Material science addresses many of the problems of emerging product and process designs — but just as frequently the new materials present manufacturing challenges for OEMs and their supply-chain partners. For example, aluminum and magnesium-alloy engine blocks are designed to be lightweight, to achieve fuel-economy by reducing a vehicle’s mass, and to provide high strength to withstand the loads imparted by the combustion process. But, while these lighter materials address some requirements of modern engine construction, the quality of the cylinder surfaces emerges as a significant problem area for combustion engines.

 

The process Heller is standardizing melts iron/carbon wires and uses gas to spray the molten metal onto the surfaces of engine cylinders — to improve combustion efficiency in automotive engine blocks.

While surface hardness, roughness, and texture are important factors determining the rate fuel consumption, they also affect the performance of the engine. A cost-effective alternative technology to specialty cylinder liners is gaining attention: twin-wire arc spraying for coating cylinder bore surfaces of combustion engines. In co-operation with Daimler AG and others, Gebr. Heller Maschinenfabrik GmbH is taking on the task of industrializing all steps of the process and ensuring its process-reliable and cost-effective integration into engine production.

Heller specializes in milling machines and production systems for crankshafts and tool-and-die manufacturing.

Weight reduction and engine downsizing are among the most common measures used by automotive manufacturers to lower fuel consumption and CO2 emissions. Another way to increase efficiency is to reduce friction losses. For example, Daimler and its high-performance engine building subsidiary AMG are pursuing a new arc-spraying technology called Nanoslide® to coat cylinder bore surfaces and aluminum automotive crankcases.

Nanoslide is a twin-wire arc spraying process that melts iron/carbon wires and sprays them onto the cylinder surfaces of an aluminum crankcase, with the help of a gas flow. Compared to other thermal coating processes, the technology is considered highly cost-effective and technologically superior.

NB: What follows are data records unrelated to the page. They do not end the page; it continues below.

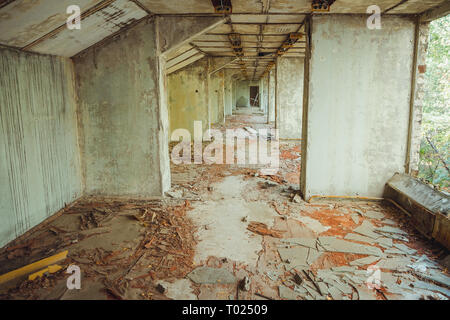 Old football stadium in Chornobyl exclusion zone. Radioactive zone in Pripyat city - abandoned ghost town. Chernobyl history of catastrophe Stock Photo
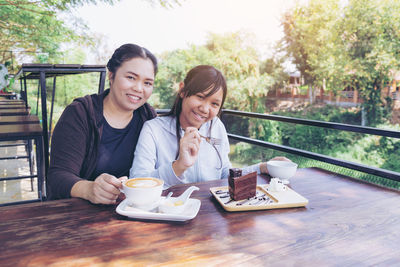 Happy friends sitting on table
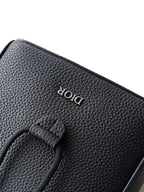 Black textured-leather bag back with embossed Dior logo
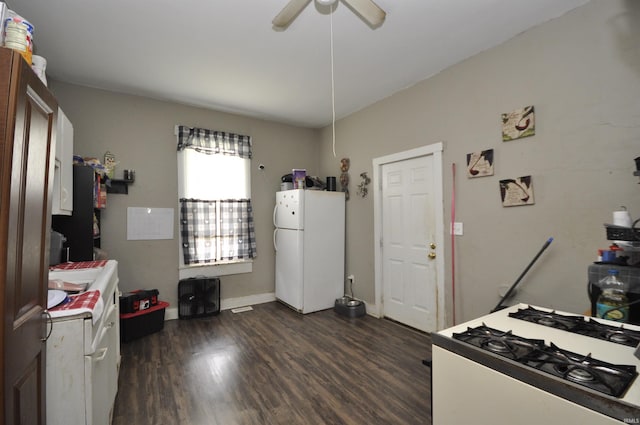 kitchen with white refrigerator, dark hardwood / wood-style floors, ceiling fan, and range with gas cooktop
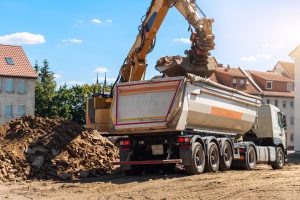 Heavy excavatore machine uploading waste and debris rubble into dump truck at construction site. Building dismantling and construction waste disposal service. Construction site industrial background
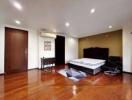 Spacious bedroom with wooden flooring, ceiling lights, and a double bed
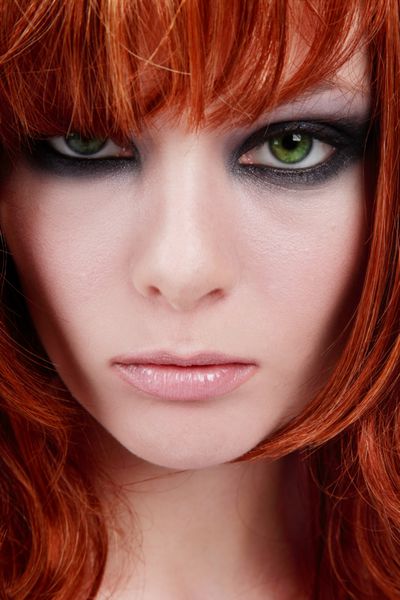 پرتره نزدیک از دختر زیبا با موهای قرمز چشم سبز با آرایش مد روز تیره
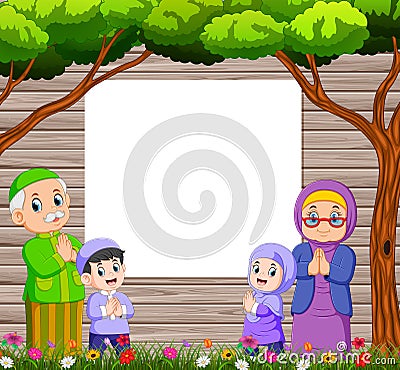 grandmother and grandfather with their grandchild are giving the greeting of ied mubarak near the blank board Vector Illustration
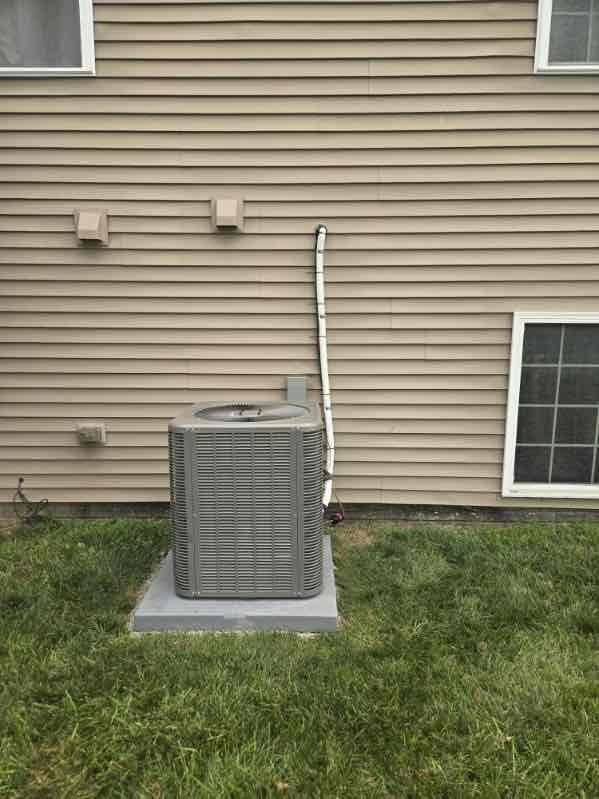 Completed mechanical installation of 3-ton air conditioning system at rear of residence. Installed outdoor condensing unit on concrete pad with proper clearances from structure, connected refrigerant lines, and established condensate drainage via PVC piping routed vertically along exterior siding. Reconnected system to existing Trane XR80 furnace with appropriate electrical connections and verified proper integration between indoor and outdoor components. All refrigerant lines, electrical connections, and condensate drainage systems installed per manufacturer specifications and code requirements.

However, finished product quality requires optimal calibration of current, voltage, wire feed, process gas flow, and other quality-determining parameters.

In 2005, AMG's M156 V8 engine provided a good example of the high efficiency the technology provides. Due to the engine’s thermally coated cylinder liners, they offer better displacement and torque, especially compared to similar aspirated engines that incorporate conventional lining technology. As such, it has been used on all 6.3-liter AMG engines from 2006 onwards.